Product End Quality Assessment using Vibration Analysis Technique
- February 17, 2018
- Posted by: RSIS
- Categories: Engineering, Mechanical Engineering
International Journal of Research and Innovation in Applied Science (IJRIAS) | Volume III, Issue II, February 2018 | ISSN 2454-6194
Product End Quality Assessment using Vibration Analysis Technique
Manjunath K.S1, Dr. H. N. Suresh2
1Assistant Professor, Department of Mechanical Engineering, Bangalore Technological Institute, Bangalore, India
2Professor & HOD, Department of Automobile Engineering, Dayanand Sagar College of Engineering, Bangalore, India
Abstract—In manufacturing industry in production of parts machine tool plays a vital role. Good quality end product depends on condition of the machine. More condition monitoring methods are used to determine condition of the machine like vibration and noise but vibration signal analysis is the best one because by measuring vibration signal majority of machine tool problems can be assessed. Two lathes were selected (PSG A141) for the study one is in good condition (PSG A141A) and other not in a condition (PSG A141B). This work is carried out using shock pulse meter (SPM) to collect vibration level at different operating condition. Then the vibration data is analyzed using statistical tools like Multiple Regression Analysis to check the relationship between vibration level and their parameters, collinearity between dependant and independent variables along with determination of their coefficients. Monte Carlo Simulation in @RISK of palisade, UK is used for effective analysis for the generated regression model. Process Capability and Capability Index method is used to examine the process condition by which we can check whether product is acceptable or not. In this study, the graphical result shows that whether the vibration level is under control or not by specifying suitable upper and lower specification limits. When the process capability and capability index value is more than 1, it means a better quality product or the process is capable of producing acceptable products.
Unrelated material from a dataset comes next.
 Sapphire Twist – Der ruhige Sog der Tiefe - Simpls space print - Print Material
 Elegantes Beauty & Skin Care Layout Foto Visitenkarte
Index Terms—vibration, analysis, specification limit, frequency, quality.
I. INTRODUCTION
FFT analyzer and Artificial Neural network technique to conclude and propose the best possible solution to the challenges of error caused during the operation of a machine tool for improved productivity [1]. Control charts were added for the monitoring of machine tool performance parameters. A method of size normalization has been included to compensate for overall performance parameter inter-dependence [2].